**TASK DESCRIPTION:** The answer consists of the lines from the line holding "バブコックヒョウモンガメSサイズ 70番の画像" through the last line of the entries, retyped exactly, and nothing else. No pictures belong in it.

-- WORKING DATA follows --

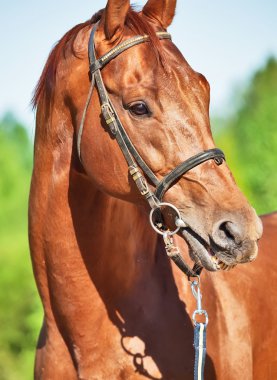 kestane trakehner aygır bahar portresi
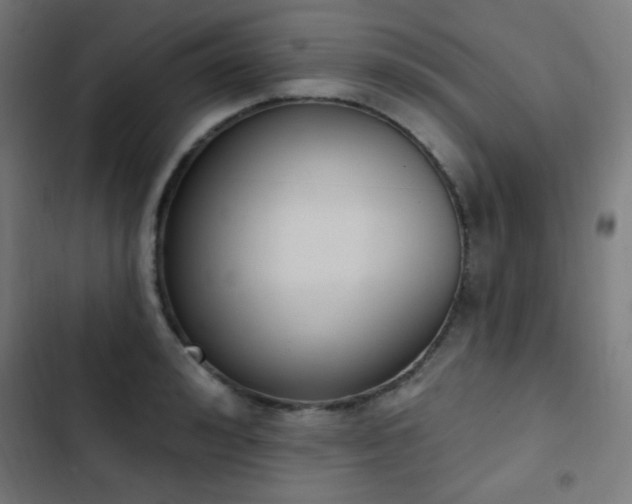 X0000103440992200809121359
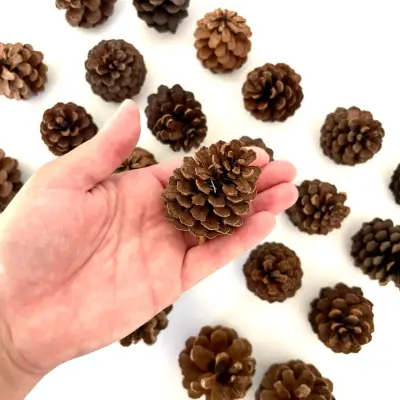 Piñas de pino mini decorativas naturales 16 unidad - miniatura 2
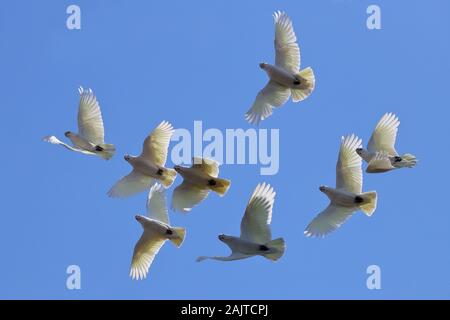 Herde von Little Corella's Stockfoto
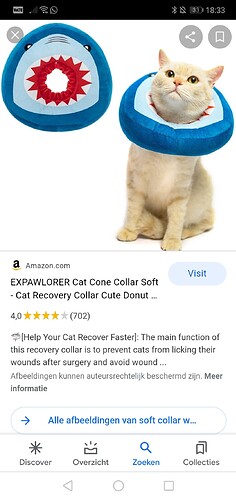 Screenshot_20220216_183306_com.google.android.googlequicksearchbox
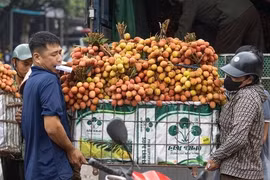 Dân Bắc Giang khóc ròng vì vải thiều được giá lại mất mùa 
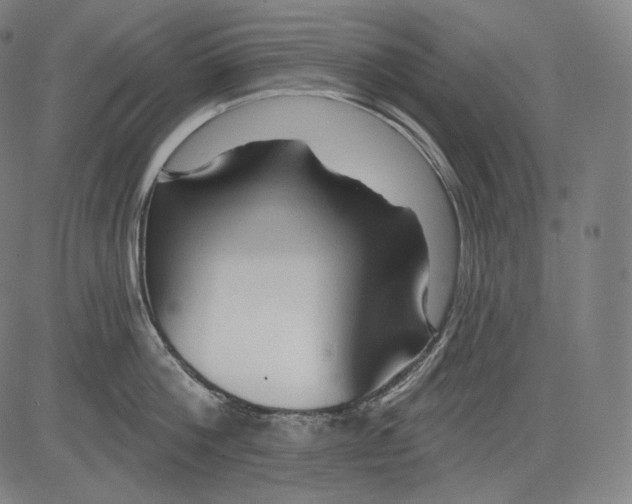 X0000083610812200703121601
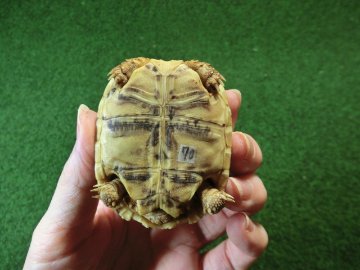 バブコックヒョウモンガメSサイズ 70番の画像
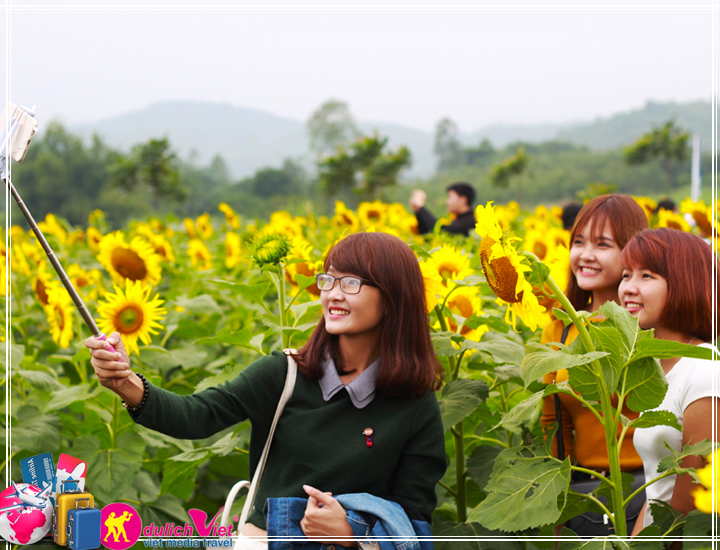Du lịch Miền Trung 4 ngày khám phá Lễ hội Hoa Hướng Dương từ Sài Gòn
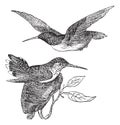 Anna`s Hummingbird or Calypte anna vintage engraving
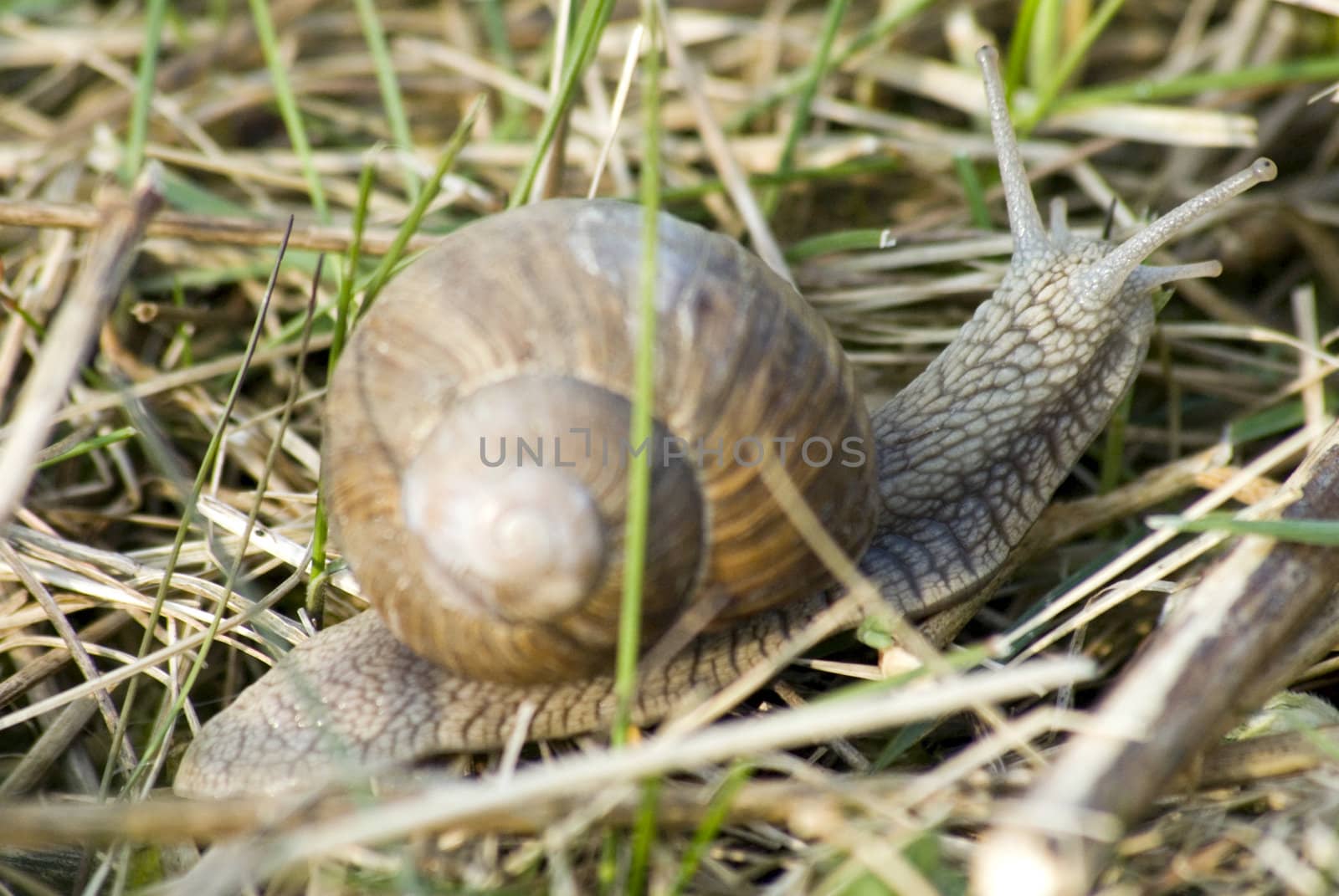 portrait of roman snail closeup on body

-- WORKING DATA concluded --

**TASK OUTPUT:**
 バブコックヒョウモンガメSサイズ 70番の画像
Du lịch Miền Trung 4 ngày khám phá Lễ hội Hoa Hướng Dương từ Sài Gòn
 Anna`s Hummingbird or Calypte anna vintage engraving
 portrait of roman snail closeup on body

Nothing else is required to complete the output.